DATA TO EXAMINE:
*** Begin section ***
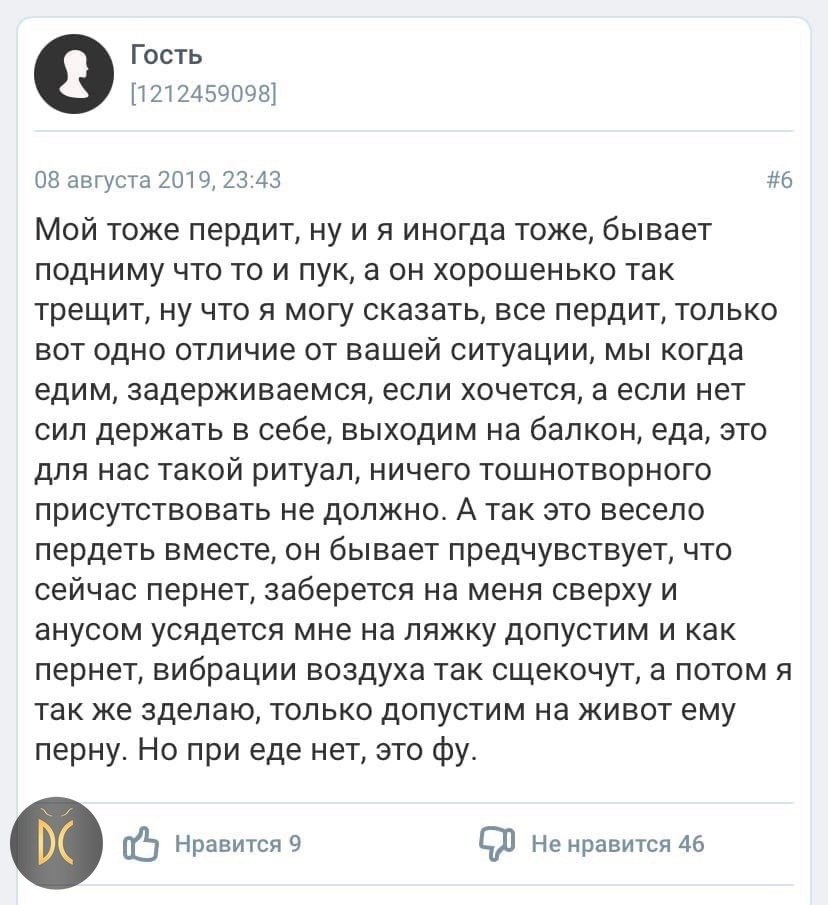   . - 2
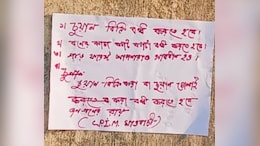 Maoist-Style Posters Surface In West Bengal's Purulia Ahead of Polls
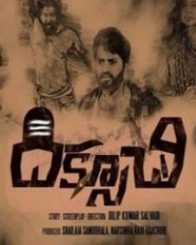 దిక్సూచి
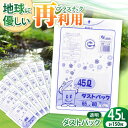 【ふるさと納税】家庭用 ごみ袋 地球にやさしい ダストパック 特厚 45L 透明（10枚入×15冊） ゴミ袋 45l 45L ごみぶくろ ビニール袋 ペット用 ペット用品 犬 猫 大洲市/日泉ポリテック株式会社[AGBR047] 17000円 17000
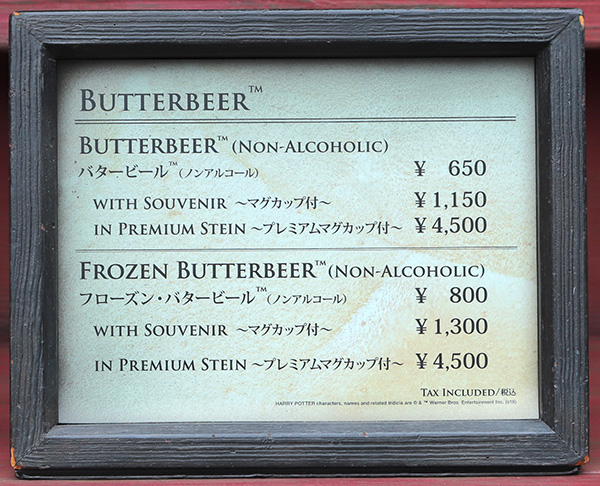 ハリーポッターエリアの三本の箒のメニュー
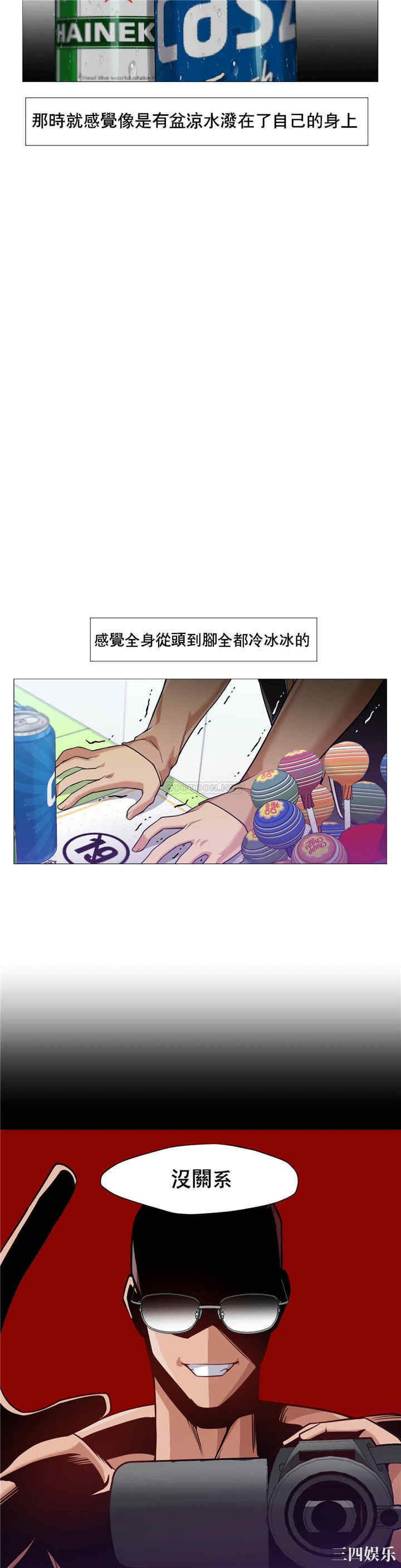 第21张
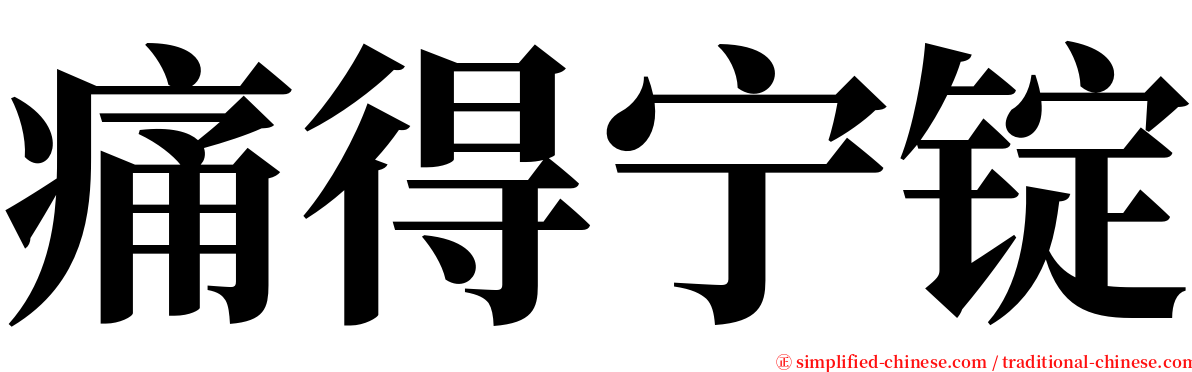 痛得宁锭 serif font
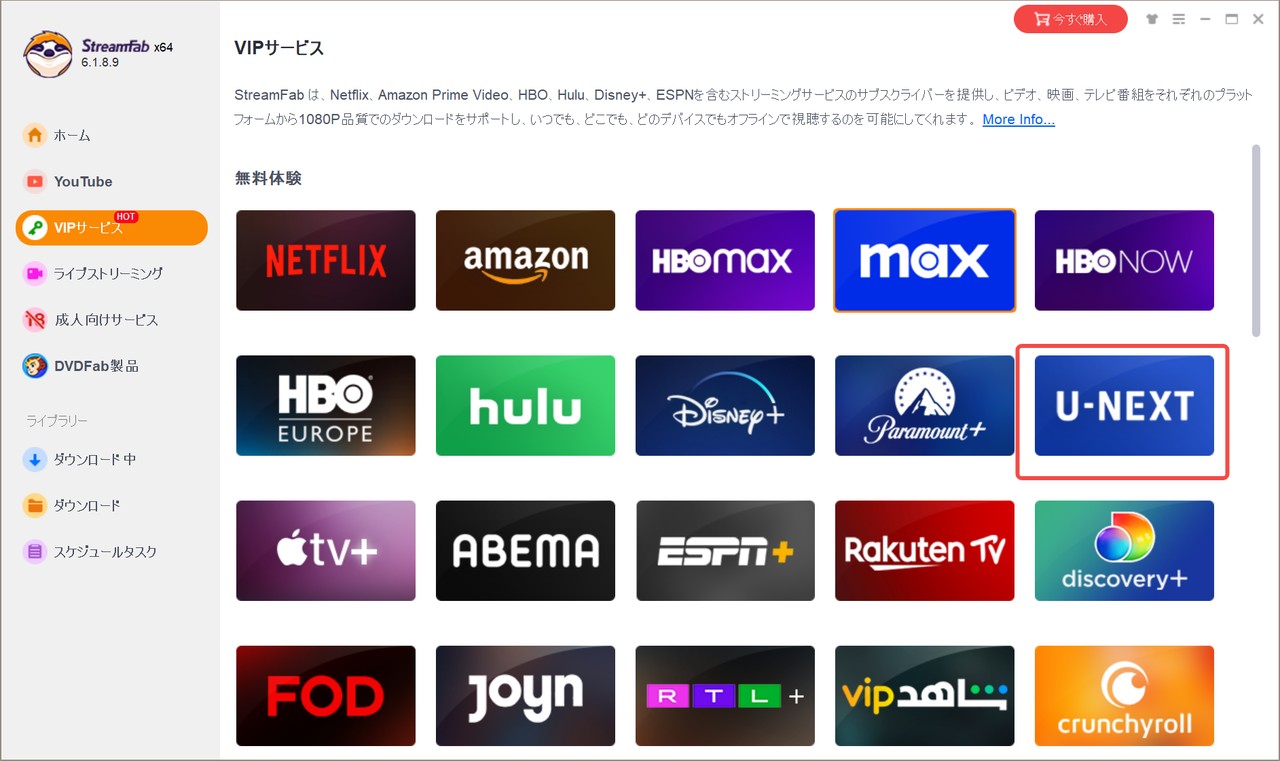 U-NEXTの保存先を変更するやり方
*** End section ***
TASK REQUIREMENTS:
Extract precisely the lines beginning at the line containing "大洲市/日泉ポリテック株式会社[AGBR047] 17000円 17000" and ending at the last line of the entries above, exactly as written and with no pictures.

TASK RESPONSE:
 【ふるさと納税】家庭用 ごみ袋 地球にやさしい ダストパック 特厚 45L 透明（10枚入×15冊） ゴミ袋 45l 45L ごみぶくろ ビニール袋 ペット用 ペット用品 犬 猫 大洲市/日泉ポリテック株式会社[AGBR047] 17000円 17000
 ハリーポッターエリアの三本の箒のメニュー
 第21张
 痛得宁锭 serif font
 U-NEXTの保存先を変更するやり方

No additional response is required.